I thought I would write a small summary on an interesting paper that appeared at ACM CCS. http://www.ecsl.cs.sunysb.edu/tr/TR246.pdf is a link to the paper ‘Large-Scale Malware Indexing Using Function-Call Graphs’ which originates from Symantec.
Essentially the system identifies variants of malware similar to http://www.vxclass.com. It looks at the call graphs of particular programs and identifies the similarity to known call graphs of malware. If the similarity is high, then a malware variant has been identified. Identifying call graph similarity was introduced in http://www.f-secure.com/weblog/archives/carrera_erdelyi_VB2004.pdf. Call graph similarity is found by identifying common nodes in the graph. These nodes can be identified as having identical control flow graphs, or having the same crc32 over the function represented by the node, and any other ways you can think of. The Symantec paper identifies that similarity is a function of the graph edit distance. The edit distance is the number of operations that must be performed to convert one thing to another. Incidentally, there are related edit distances such as tree edit distances, string edit distances and lots of variations depending on what type of operations are allowed. In fact, my paper to be published in January uses one of the edit distances I just mentioned.
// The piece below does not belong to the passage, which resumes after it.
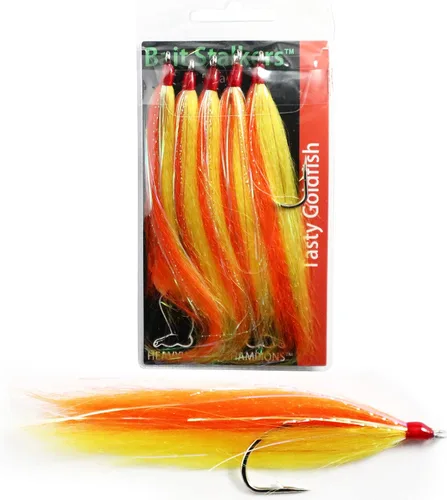 Miniatura 6 de Cebo Stalkers: Stinger vuela para atrapar bagre extra, añadir a cualquier plataforma de pesca de gato, paquete de 5 Bluegill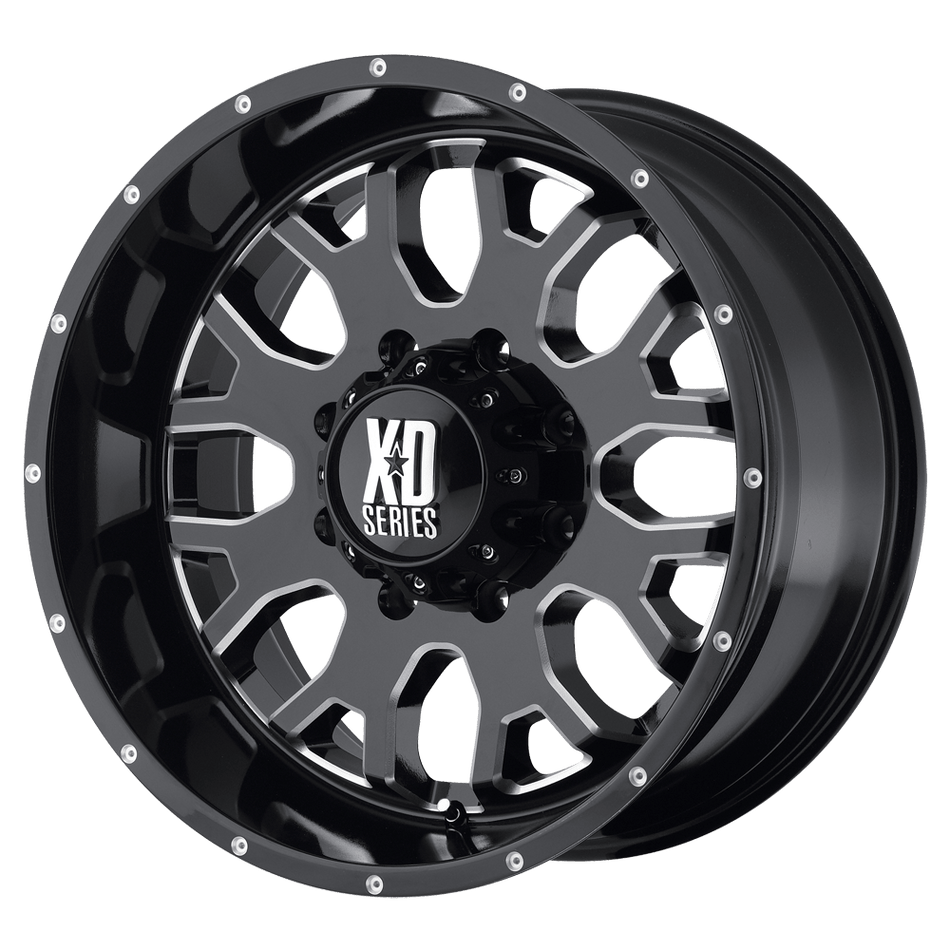 XD XD808 MENACE Gloss Black With Milled Accents Wheel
It’s a useful concept.
Vxclass builds graph similarity by the use of a greedy node matching algorithm. It actually tries to find unique nodes first so the greedy heuristic isn’t a problem. But presumably it falls back to the greedy solution once unique solutions are exhausted. The Symantec paper tries to find a minimum cost matching using a bipartite graph matching algorithm based on the Hungarian algorithm. This is novel.
The other novel feature with the Symantec paper is the use of metric trees to speed up searching the call graph database. A metric space (http://en.wikipedia.org/wiki/Metric_space) is defined by a distance function between two particular points or objects . The distance function must have certain conditions that are true, such as d(x,y) >= 0, d(x,y) == d(y,x) and d(x,x) == 0. Also the triangle inequality ( http://en.wikipedia.org/wiki/Triangle_inequality) must hold which is d(x, z) ≤ d(x, y) + d(y, z). If these conditions are true for all objects or points, then that’s great, because performing spatial searches on the data can take advantage of these properties and perform much faster. A metric tree takes advantage of the properties of a metric space and can perform spatial queries identifying similar or nearest neighbours of a point in that space faster than comparing each point or element in the space.
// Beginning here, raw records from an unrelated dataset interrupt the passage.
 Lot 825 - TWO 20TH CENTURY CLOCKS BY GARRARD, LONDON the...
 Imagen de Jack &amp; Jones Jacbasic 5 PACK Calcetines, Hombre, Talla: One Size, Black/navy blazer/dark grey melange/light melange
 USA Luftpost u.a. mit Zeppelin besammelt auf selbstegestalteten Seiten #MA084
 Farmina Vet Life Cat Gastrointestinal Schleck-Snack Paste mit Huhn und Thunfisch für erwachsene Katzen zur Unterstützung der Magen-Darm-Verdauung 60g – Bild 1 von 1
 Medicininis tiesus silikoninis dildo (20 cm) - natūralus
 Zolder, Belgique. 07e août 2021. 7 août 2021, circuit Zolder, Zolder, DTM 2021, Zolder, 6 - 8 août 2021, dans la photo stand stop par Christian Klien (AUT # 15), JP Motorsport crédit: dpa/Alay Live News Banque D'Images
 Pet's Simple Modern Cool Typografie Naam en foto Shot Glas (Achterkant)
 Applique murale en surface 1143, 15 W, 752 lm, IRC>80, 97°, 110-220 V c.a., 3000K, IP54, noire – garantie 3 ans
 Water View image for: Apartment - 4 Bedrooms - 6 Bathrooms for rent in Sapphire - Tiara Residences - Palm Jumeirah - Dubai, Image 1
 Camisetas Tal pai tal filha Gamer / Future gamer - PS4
Using the earlier described notion of graph matching to show distance is approximately the same as the graph edit distance. The graph edit distance forms a metric space. The Symantec paper uses vantage point trees (http://en.wikipedia.org/wiki/VP-tree) but there are other trees such as BK Trees which perform well also. I seem to recall reading that vp trees are most suited for when the distance function is a real number. BK Trees only work on integer distances. I don’t know why Symantec chose vp trees over bk trees – maybe someone else can answer? Perhaps there is no significant difference.
The novelty of the Symantec paper is using metric trees to speed up the similarity search.
The final novel contribution in the Symantec paper is an ordering each malware by specific features such as the number of instructions the malware has. The database is arranged in a b+tree and vp tree structures are kept at the nodes. Then when indexing a malware, they can cull out all malware that is not reasonably close to the features of the input binary, before searching each vp tree in the b+tree buckets. This is a pretty simple optimisation which I think can be improved upon than what was demonstrated in the paper. But Symantec still did a good job in what they did.
This is a nice paper overall that improves malware indexing state of the art. It’s not a revolutionary paper really, but each area has contributions that improve what has previously been investigated. The time it takes to classify a sample is interesting – about 100 seconds for a database size of 100k malware. They want to have it scale up to a million malware.